THE TRUTH.ORG.COM.NET

The truth is such a rare commodity almost an endangered species.  We are taught at an early age to tell the truth no matter what even if it hurts you, even if you get into trouble, be honest, be truthful.  Then at some point the truth appears or is exposed to the point of making another feel bad and then we find ourselves trying to reshape the truth and make it become something else less painful.  The truth is the truth hurts.  In its rare form telling someone the truth is never easy and it will hurt their feelings.

To tell someone overweight that he or she is overweight hurts or to let someone know once they asked that you don’t agree with their fashion ensemble or their appearance is questionable to say the least isn’t something another person really wants to hear even when he or she asks the question.  However, it is very necessary to be honest and open with others and to allow them to be open and honest with you.  Even when a person lacks in having tact to deliver it, the truth, is such a rare and beautiful gem that while one may choke on hearing it he or she will not miss the lesson and ability to grow from it.   One may be shocked in hearing it, but this seed of truth is so powerful that the roots forms from it because it connects within you and while the seed will not grow until you feed it; it cannot die either because it was in you from the beginning.   Isn’t that amazing and yet beautiful?!   So when the truth is heard, it lies dormant within until one reaches that moment where he or she wants to change and since the foundation of the truth had been laid there within lies a seed planted waiting to be fertilize for the beginning of a transformation.

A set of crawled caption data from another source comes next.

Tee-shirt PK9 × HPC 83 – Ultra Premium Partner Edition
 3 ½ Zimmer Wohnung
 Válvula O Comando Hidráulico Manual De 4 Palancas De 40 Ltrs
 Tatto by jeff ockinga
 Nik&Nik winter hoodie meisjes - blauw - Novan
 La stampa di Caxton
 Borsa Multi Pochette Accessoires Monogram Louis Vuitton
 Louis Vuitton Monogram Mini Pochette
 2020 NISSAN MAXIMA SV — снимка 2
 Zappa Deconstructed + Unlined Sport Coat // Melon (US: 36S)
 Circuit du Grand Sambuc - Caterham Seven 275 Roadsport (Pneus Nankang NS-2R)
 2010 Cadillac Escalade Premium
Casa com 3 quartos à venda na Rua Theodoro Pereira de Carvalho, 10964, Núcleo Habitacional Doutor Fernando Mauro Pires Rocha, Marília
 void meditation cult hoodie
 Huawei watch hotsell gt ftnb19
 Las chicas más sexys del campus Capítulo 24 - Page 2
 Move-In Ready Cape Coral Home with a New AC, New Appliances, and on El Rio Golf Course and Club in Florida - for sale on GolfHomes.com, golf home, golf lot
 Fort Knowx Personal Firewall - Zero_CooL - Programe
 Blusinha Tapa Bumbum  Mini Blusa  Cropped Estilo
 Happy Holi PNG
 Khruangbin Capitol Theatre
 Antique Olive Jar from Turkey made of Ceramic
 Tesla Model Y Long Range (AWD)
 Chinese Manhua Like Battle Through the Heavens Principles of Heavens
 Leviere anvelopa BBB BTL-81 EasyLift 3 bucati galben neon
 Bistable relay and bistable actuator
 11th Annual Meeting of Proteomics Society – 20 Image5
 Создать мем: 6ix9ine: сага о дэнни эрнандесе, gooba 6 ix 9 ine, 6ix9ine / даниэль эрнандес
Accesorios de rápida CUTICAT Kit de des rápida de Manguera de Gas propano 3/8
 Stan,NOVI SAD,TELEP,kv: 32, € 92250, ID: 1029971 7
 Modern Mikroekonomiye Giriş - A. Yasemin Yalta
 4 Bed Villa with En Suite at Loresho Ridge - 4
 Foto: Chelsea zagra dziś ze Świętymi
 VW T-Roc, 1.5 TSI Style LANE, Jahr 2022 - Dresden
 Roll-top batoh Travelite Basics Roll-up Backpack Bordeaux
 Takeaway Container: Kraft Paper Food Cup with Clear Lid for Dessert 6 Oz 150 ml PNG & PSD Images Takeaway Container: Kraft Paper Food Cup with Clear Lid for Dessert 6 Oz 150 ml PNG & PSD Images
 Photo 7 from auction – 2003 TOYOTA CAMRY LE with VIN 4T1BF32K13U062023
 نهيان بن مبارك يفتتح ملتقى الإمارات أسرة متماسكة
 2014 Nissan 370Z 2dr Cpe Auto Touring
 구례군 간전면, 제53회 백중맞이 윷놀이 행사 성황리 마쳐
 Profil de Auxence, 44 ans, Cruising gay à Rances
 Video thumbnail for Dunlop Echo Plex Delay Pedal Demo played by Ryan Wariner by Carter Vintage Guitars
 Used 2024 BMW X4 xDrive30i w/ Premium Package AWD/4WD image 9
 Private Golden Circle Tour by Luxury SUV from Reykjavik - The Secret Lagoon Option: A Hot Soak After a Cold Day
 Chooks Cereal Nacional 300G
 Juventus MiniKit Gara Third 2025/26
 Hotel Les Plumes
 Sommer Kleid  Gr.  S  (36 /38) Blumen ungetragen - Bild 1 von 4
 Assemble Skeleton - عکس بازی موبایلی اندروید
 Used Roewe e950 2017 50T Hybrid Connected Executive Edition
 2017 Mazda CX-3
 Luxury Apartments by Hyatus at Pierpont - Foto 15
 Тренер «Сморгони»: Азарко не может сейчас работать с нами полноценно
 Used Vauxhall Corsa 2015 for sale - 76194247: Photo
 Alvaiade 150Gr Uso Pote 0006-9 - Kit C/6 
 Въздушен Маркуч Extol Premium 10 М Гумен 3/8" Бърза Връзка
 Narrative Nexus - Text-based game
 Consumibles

Recently, having a conversation with my husband and oldest son, I revealed to them how grateful I am for hearing the truth.  I am not famous by any means nor do I employ or have the means to employ people to tell me what I want to hear but yet there was a point in my life where I was surrounded by those that only told me what I wanted to hear, what I desired or what they were comfortable sharing with me.  I noticed that I gave advice even the hard things but if I were to judge myself on the information I received back, I would in ignorance think I was perfect.  I wasn’t raised that way.  While my mother spoiled and exposed me to material things, she and my dad never lied or sugarcoated the truth to me or about my life and life choices.  Ah a foundation!  So meeting and dealing with my husband who sometimes without tact delivered some harsh truths to me wasn’t new but it was so different from my what I had become accustom to hearing it was unreal but yet revealing and empowering.

The truth does set you free whether you desire to be free or not.  Many times, people enjoy the lies and their versions of the truth that make them victims of life and the people around them.  The truth is at some point, we are accountable for our actions, our crowds, our thoughts, emotions and our ability to implement changes in the areas we desire but those changes cannot be done based on lies.  Only the truth will stand.